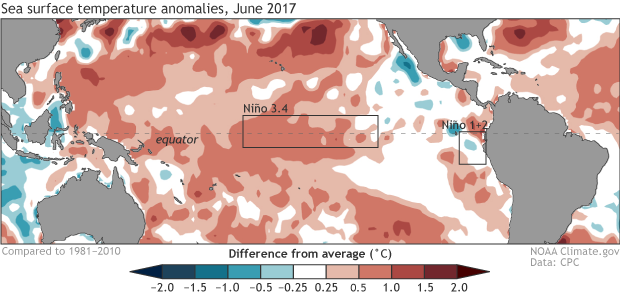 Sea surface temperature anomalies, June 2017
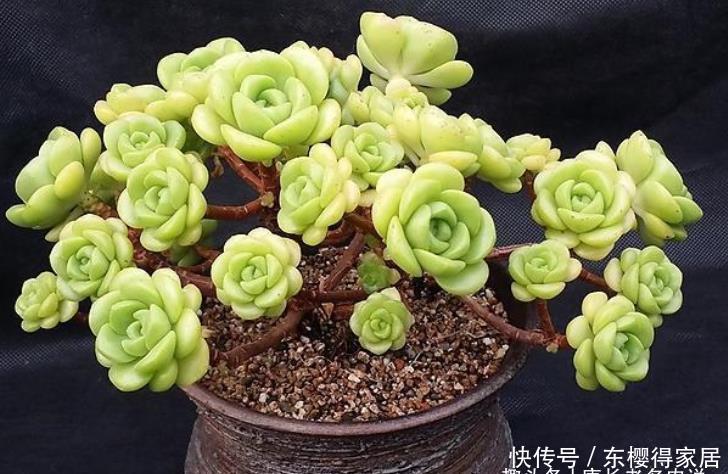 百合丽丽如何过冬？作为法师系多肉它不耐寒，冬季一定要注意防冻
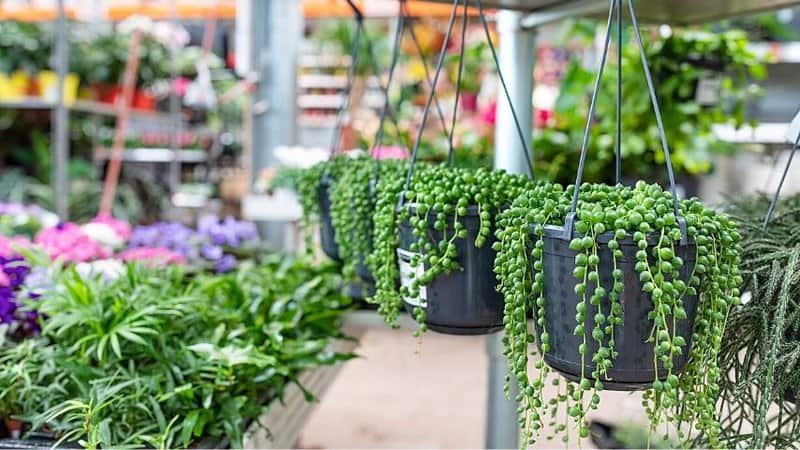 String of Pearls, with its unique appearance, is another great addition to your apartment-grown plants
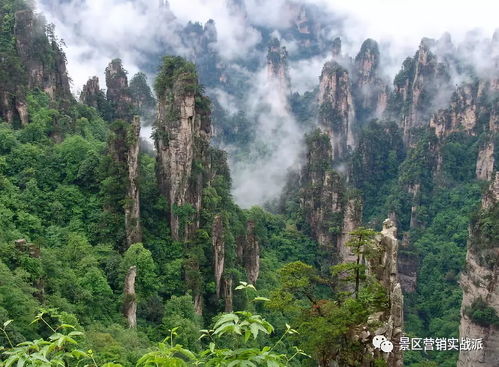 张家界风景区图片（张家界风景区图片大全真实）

┄┄┄┄┄┄┄┄┄┄

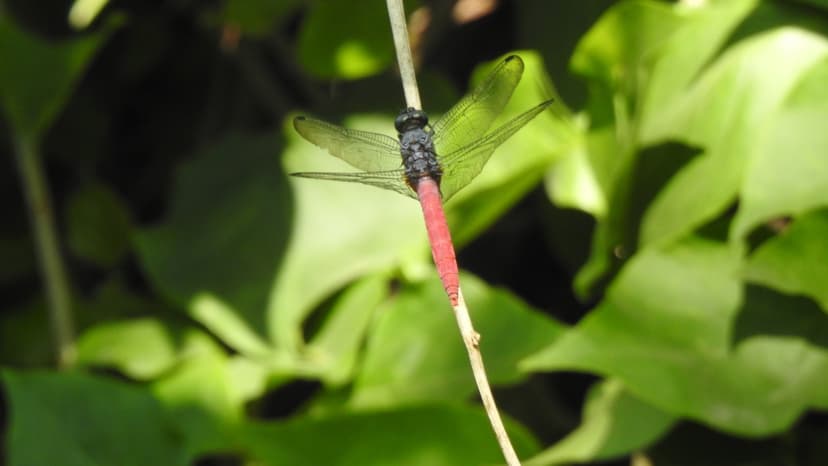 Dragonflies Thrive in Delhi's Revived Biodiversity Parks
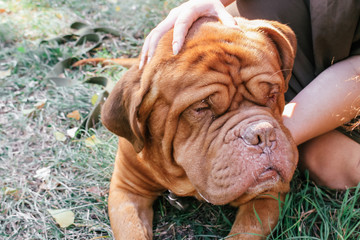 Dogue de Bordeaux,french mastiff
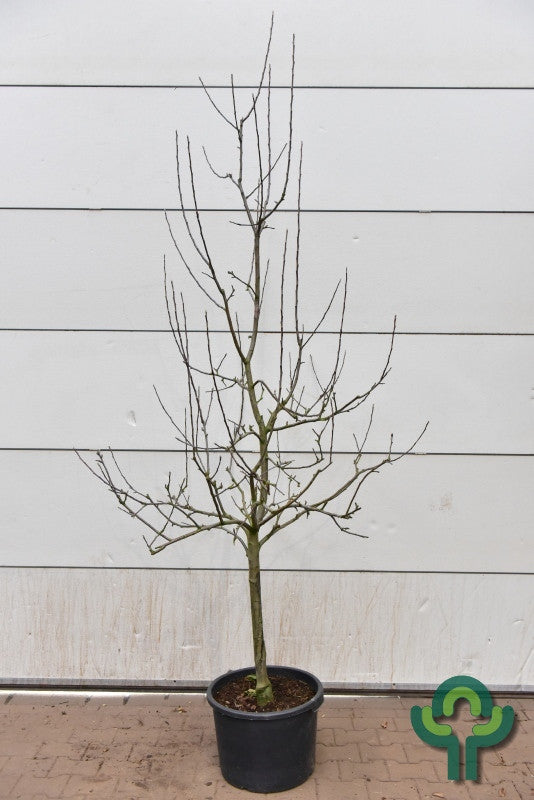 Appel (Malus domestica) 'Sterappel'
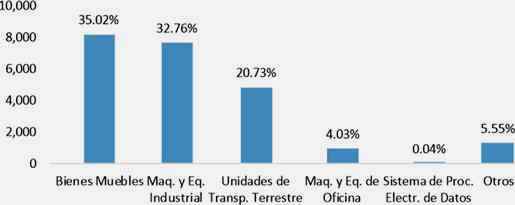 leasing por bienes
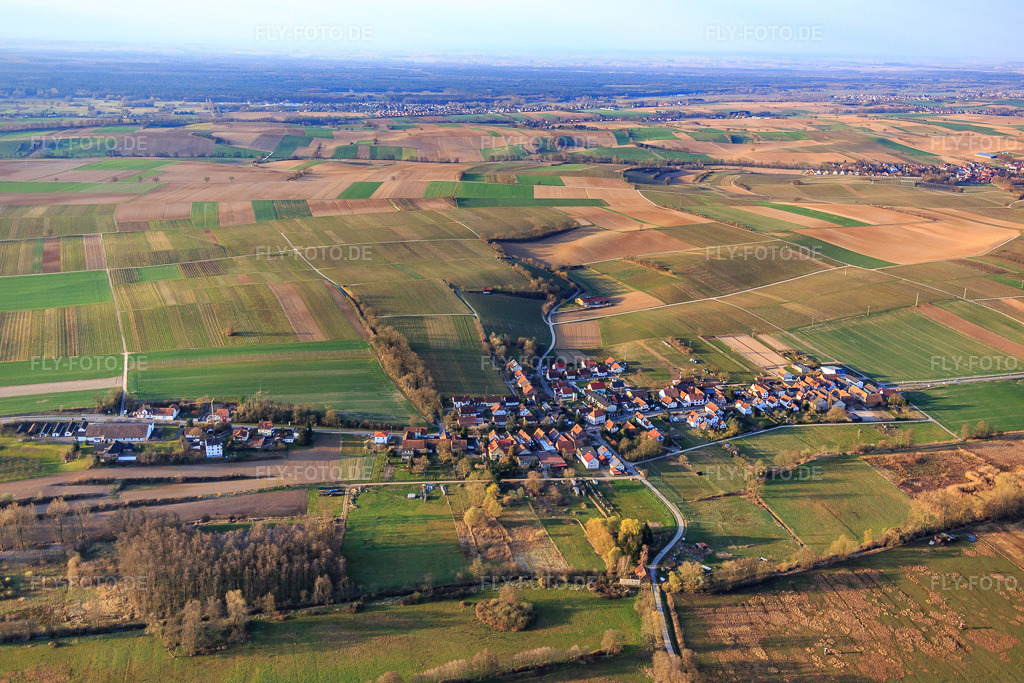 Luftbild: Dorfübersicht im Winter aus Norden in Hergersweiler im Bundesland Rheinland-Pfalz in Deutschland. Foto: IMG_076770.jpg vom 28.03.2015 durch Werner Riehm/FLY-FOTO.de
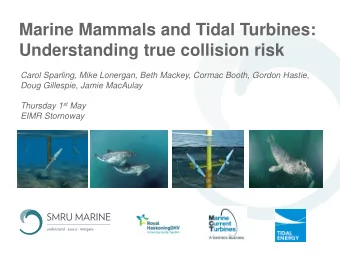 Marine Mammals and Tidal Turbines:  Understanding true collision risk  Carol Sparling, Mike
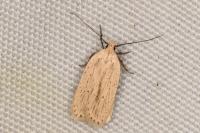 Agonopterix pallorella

┄┄┄┄┄┄┄┄┄┄

What you should do —
Produce an exact reproduction of the listing above, limited to the lines starting at the line with "Appel (Malus domestica) 'Sterappel'" and ending at the line with "Agonopterix pallorella", both kept, with every picture left out.

Response to this exercise —
 Appel (Malus domestica) 'Sterappel'
 leasing por bienes
 Luftbild: Dorfübersicht im Winter aus Norden in Hergersweiler im Bundesland Rheinland-Pfalz in Deutschland. Foto: IMG_076770.jpg vom 28.03.2015 durch Werner Riehm/FLY-FOTO.de
 Marine Mammals and Tidal Turbines:  Understanding true collision risk  Carol Sparling, Mike
 Agonopterix pallorella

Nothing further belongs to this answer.